Mahalia est devenue une artiste d’envergure mondiale quand elle entreprend au printemps 1961 sa première tournée en Europe depuis neuf ans. A l’avenir, ses grandes consoeurs, de Rosetta Tharpe à Marion Williams, ne chanteront plus tout à fait sur le même plan qu’elle, faute de baigner dans la même lumière. Dans cette sélection de 14 faces en public à Stockholm et Paris, les spirituals de veines diverses voisinent avec des gospel songs adoptés depuis peu par la chanteuse, des reprises de sa période Apollo et un occasionnel standard de Broadway. Devant des auditoires captivés par cette voix pleine d’ardeur et de majesté, ce phrasé aux irrésistibles mélismes, Mahalia installe son climat et engage son corps, jouant de son souffle et frappant dans ses mains au creux du tempo, suivie ou devancée par le piano Mildred Falls. On a ici deux belles versions d’ « Elijah Rock », mais celle de Stockholm atteint au grandiose par son lyrisme en partie contenu. Le découpage mélodique de « Down By The Riverside » met en valeur une scansion très personnelle et « It Don’t Cost Very Much » revêt une puissante sérénité.
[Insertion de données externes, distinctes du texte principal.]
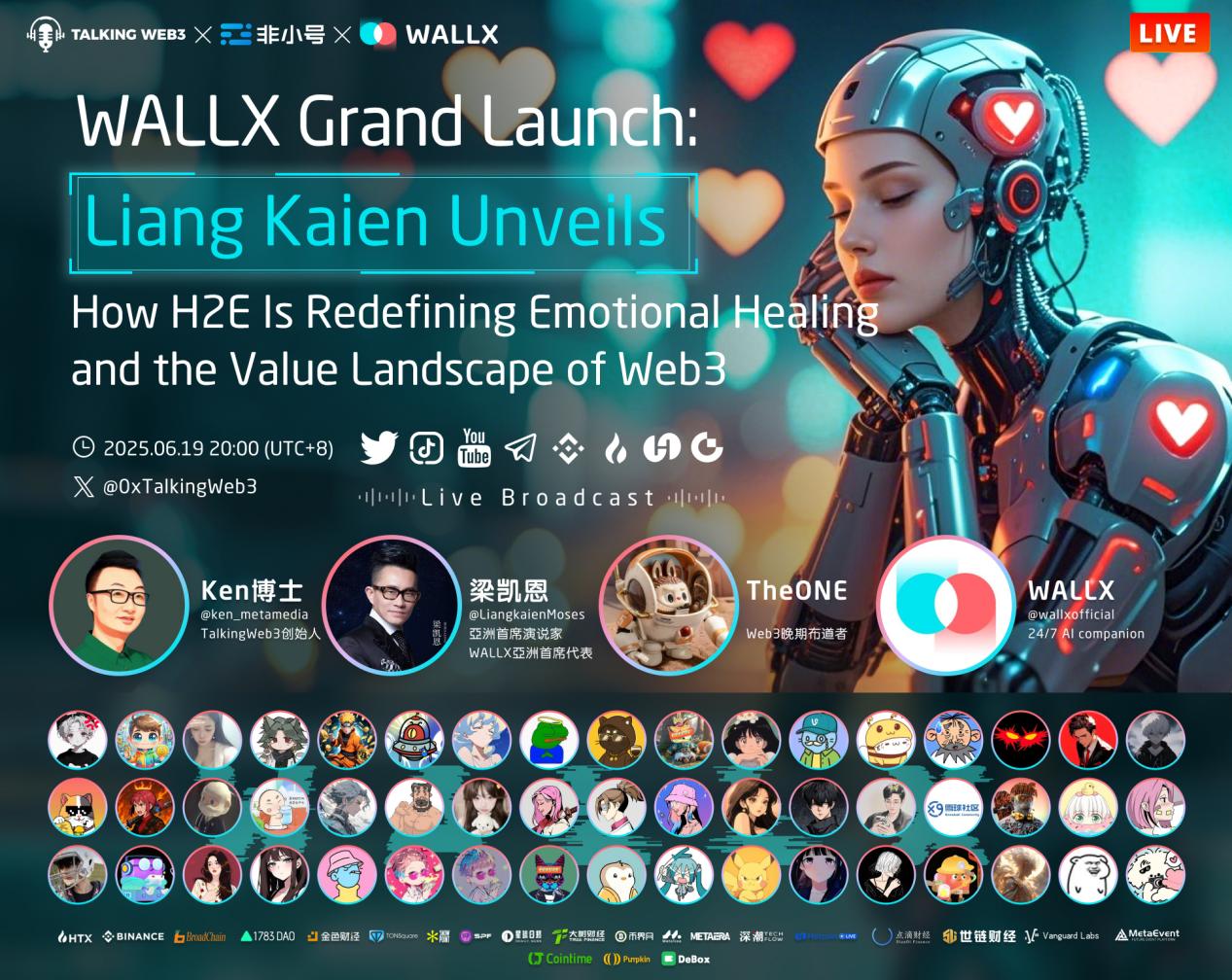 WALL X海报1-EN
Le concert suédois culmine avec « How I Got Over », qu’une Mahalia ovationnée prolonge à plaisir, comme c’est le cas d’autres thèmes dans les deux capitales. Sa force de projection se déploie aussi dans « He’s Right On time », emprunté à Dorothy Love Coates, dans « Didn’t It Rain » et une impressionnante reprise de « In My Home Over There », que la chanteuse enregistra à ses débuts.